▶ Task details
This calls for a word-for-word copy of all the data, with each picture removed.

▶ Supplied data
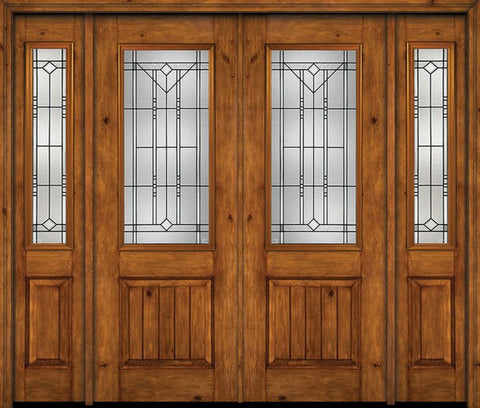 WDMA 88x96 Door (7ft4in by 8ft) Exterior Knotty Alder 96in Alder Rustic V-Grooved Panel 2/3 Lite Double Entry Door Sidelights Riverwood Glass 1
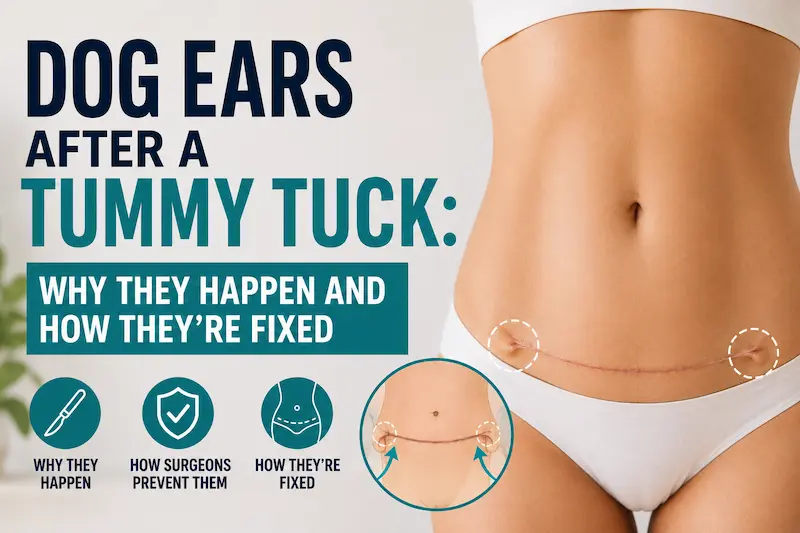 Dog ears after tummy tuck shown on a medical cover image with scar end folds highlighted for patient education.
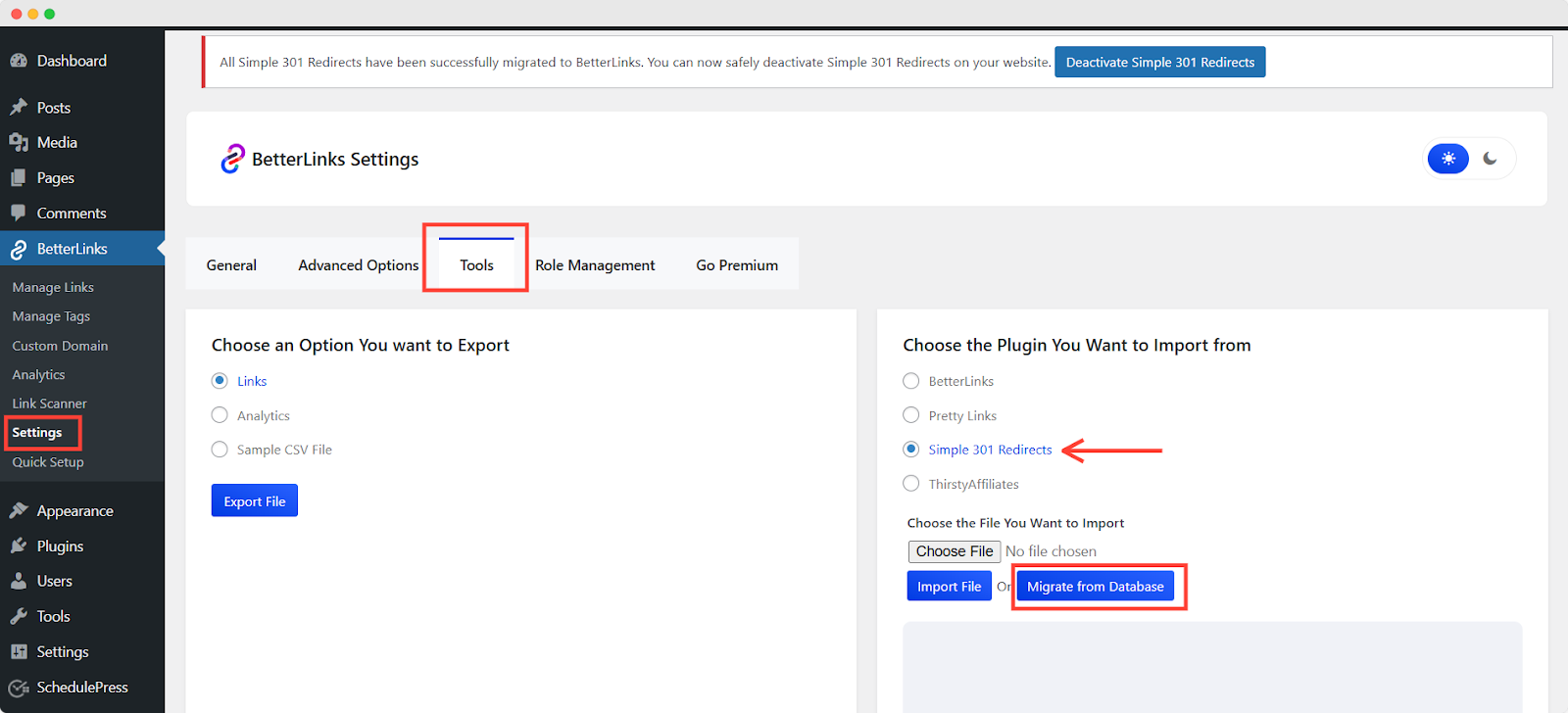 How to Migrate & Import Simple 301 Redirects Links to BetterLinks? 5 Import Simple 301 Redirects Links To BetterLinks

▶ Result
 WDMA 88x96 Door (7ft4in by 8ft) Exterior Knotty Alder 96in Alder Rustic V-Grooved Panel 2/3 Lite Double Entry Door Sidelights Riverwood Glass 1
 Dog ears after tummy tuck shown on a medical cover image with scar end folds highlighted for patient education.
 How to Migrate & Import Simple 301 Redirects Links to BetterLinks? 5 Import Simple 301 Redirects Links To BetterLinks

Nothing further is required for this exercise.